Marsch replaced Marcelo Bielsa, who was fired on Sunday following a dramatic downturn in results and is back in work nearly three months after leaving German team Leipzig.
He was previously at another Red Bull-backed club in Salzburg, which he led to back-to-back league-and-cup doubles in Austria.
Marsch has signed a deal until June 2025, with the appointment pending international clearance.
Leeds has dropped to within two points of the relegation zone after losing five of its last six league games. A 4-0 loss to Tottenham on Saturday proved to be Bielsa’s final match in charge and meant Leeds had let in 20 goals in February — the most conceded in a single month in league history.
“I have to identify how to do the important things and simple things right away, before building the complexity moving forwards,” Marsch said
“We have all the tools here. I’m here to help this group understand how we can get better and handling the moment right now, we have to stay calm and control what we can control. We are still in a good situation where we control all of our destiny.”
Embedded in the Red Bull project for the last seven years through his coaching roles in New York, Salzburg and for four months at Leipzig, Marsch has an attacking, hard-running, heavy-pressing style that is not too dissimilar to Bielsa’s.
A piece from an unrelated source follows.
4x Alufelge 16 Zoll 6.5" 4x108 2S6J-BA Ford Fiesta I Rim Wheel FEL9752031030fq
“My style of play, my aggressiveness and the desire I have for teams to be intensive and to run and make things difficult for the opponent fits with what has been done here for 3 1/2 years, (under Bielsa),” the former U.S. midfielder said.
That should make the transition easier for the 48-year-old Marsch at Leeds, though he takes over a team low on confidence and with a number of injuries to key players such as first-choice striker Patrick Bamford, England midfielder Kalvin Phillips and captain Liam Cooper.
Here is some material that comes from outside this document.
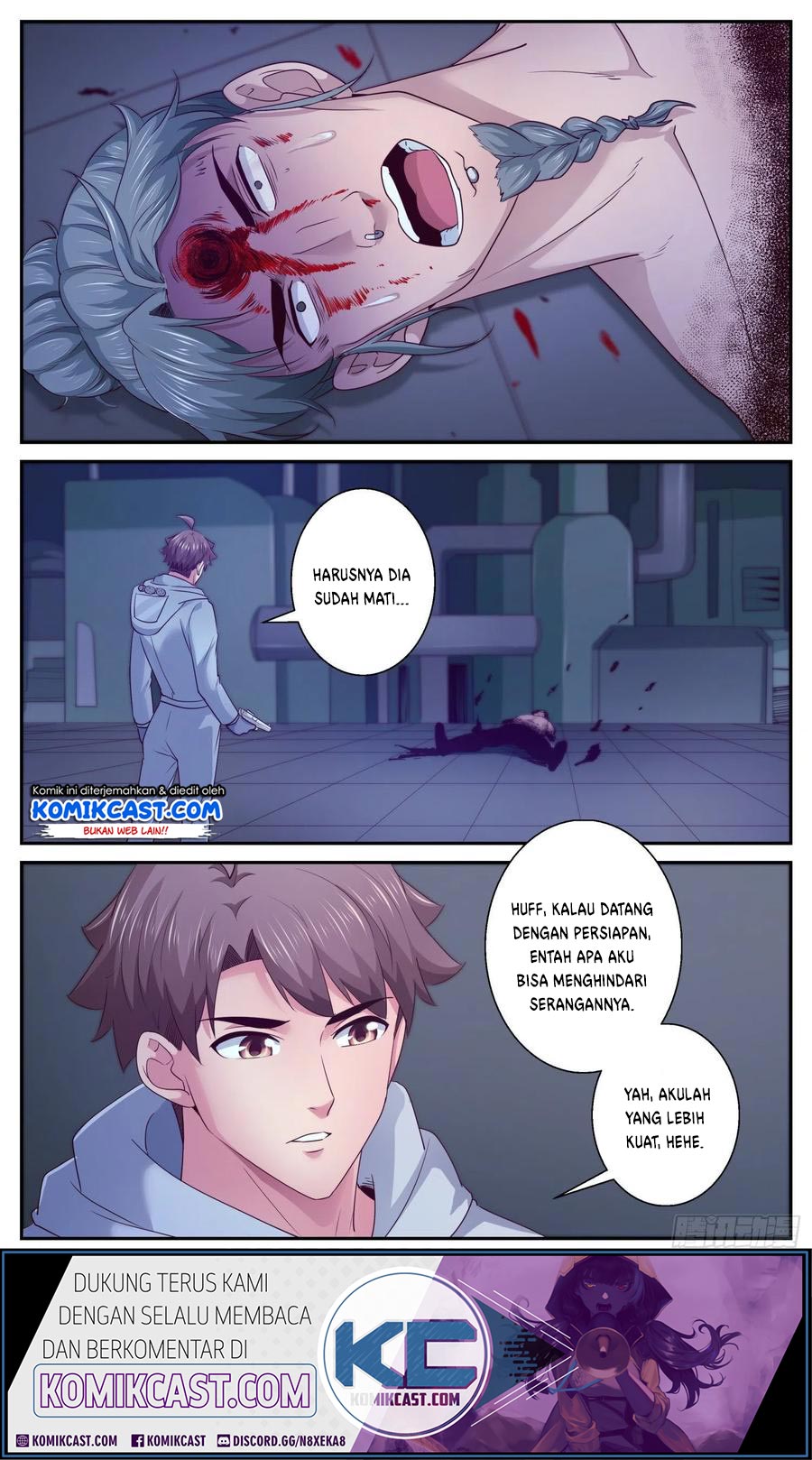 I Have a Mansion In The Post-Apocalyptic World chapter 410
Marsch follows fellow American Bob Bradley, who managed Swansea for 85 days in 2016, in coaching in the Premier League. There was also David Wagner, a German-born former U.S. international, who managed Huddersfield in England’s top division from 2017-19.
Marsch’s first game in charge will be against Leicester on Saturday and he acknowledged he has a hard act to follow in Bielsa, who got Leeds back into the Premier League for the first time since 2004 and is one of the world’s most respected coaches.
“I followed his career and watched what he has done from afar and certainly he is a hero here,” Marsch said. “How he has helped transform Leeds United into a Premier League team is pretty amazing.
“For me, I just want help to take the torch to the next phase. Everything that has been done has laid an incredible foundation.”